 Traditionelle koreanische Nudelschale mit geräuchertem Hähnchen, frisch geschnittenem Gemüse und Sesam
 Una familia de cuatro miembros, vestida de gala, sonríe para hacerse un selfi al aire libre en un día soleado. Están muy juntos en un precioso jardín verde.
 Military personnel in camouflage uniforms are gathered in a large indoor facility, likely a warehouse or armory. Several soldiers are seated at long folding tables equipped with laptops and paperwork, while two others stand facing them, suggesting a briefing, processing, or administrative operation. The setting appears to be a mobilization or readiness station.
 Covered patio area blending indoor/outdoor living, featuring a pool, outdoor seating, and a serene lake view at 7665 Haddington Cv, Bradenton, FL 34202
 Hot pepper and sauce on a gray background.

--

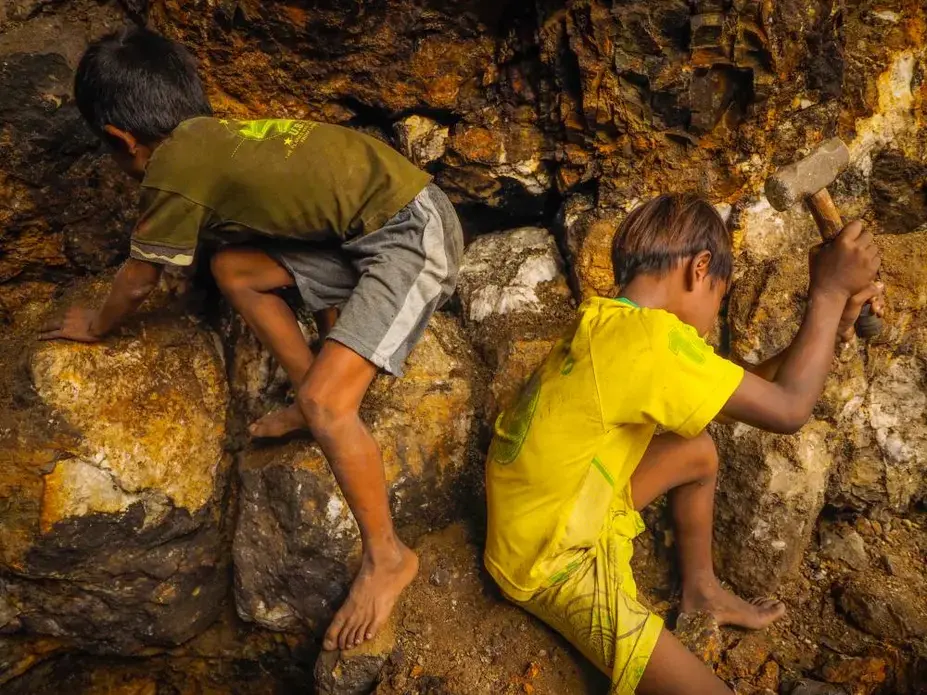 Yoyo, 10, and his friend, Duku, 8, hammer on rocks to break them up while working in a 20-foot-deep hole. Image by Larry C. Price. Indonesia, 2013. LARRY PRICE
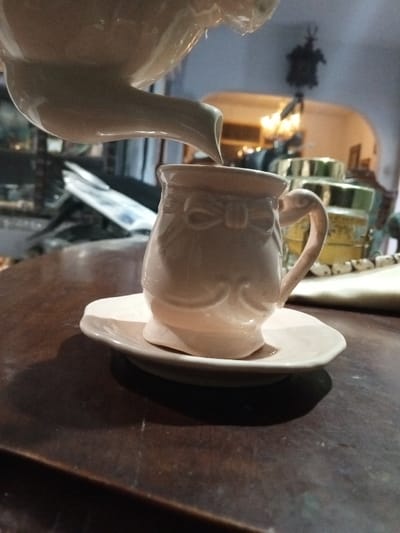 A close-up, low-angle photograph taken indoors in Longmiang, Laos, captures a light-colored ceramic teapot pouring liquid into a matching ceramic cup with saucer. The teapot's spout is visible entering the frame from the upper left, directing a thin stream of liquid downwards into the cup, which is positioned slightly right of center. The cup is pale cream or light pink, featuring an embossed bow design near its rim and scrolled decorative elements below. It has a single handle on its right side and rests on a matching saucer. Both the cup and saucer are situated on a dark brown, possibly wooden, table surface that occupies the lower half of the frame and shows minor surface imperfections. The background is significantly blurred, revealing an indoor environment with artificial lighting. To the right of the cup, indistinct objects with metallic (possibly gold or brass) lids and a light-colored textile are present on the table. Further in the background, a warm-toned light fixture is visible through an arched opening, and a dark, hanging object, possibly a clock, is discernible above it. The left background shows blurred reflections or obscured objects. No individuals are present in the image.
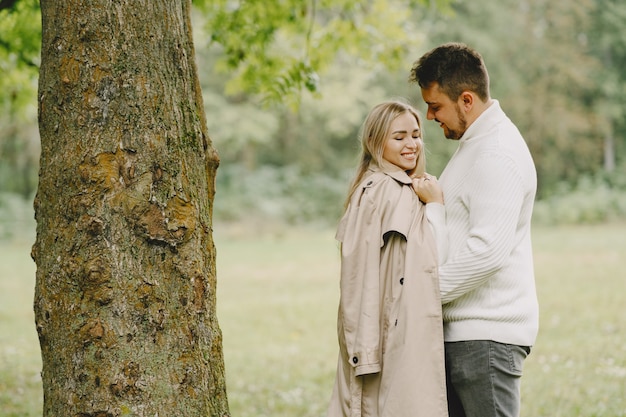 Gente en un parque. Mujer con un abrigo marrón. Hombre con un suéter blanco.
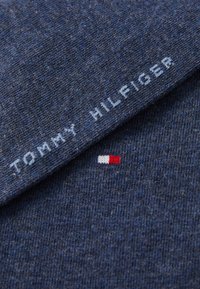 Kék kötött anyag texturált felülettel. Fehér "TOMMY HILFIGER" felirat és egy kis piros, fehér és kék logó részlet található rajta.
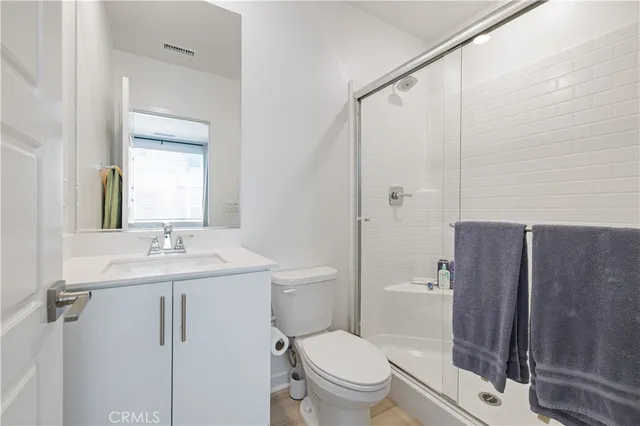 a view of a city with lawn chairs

◆ What needs to be done ◆
What is needed is a verbatim copy of every line in the records above from the one containing "Una familia de" down to the one containing "Hot pepper and sauce on a gray background.", both included, and nothing more.

◆ Expected answer ◆
 Una familia de cuatro miembros, vestida de gala, sonríe para hacerse un selfi al aire libre en un día soleado. Están muy juntos en un precioso jardín verde.
 Military personnel in camouflage uniforms are gathered in a large indoor facility, likely a warehouse or armory. Several soldiers are seated at long folding tables equipped with laptops and paperwork, while two others stand facing them, suggesting a briefing, processing, or administrative operation. The setting appears to be a mobilization or readiness station.
 Covered patio area blending indoor/outdoor living, featuring a pool, outdoor seating, and a serene lake view at 7665 Haddington Cv, Bradenton, FL 34202
 Hot pepper and sauce on a gray background.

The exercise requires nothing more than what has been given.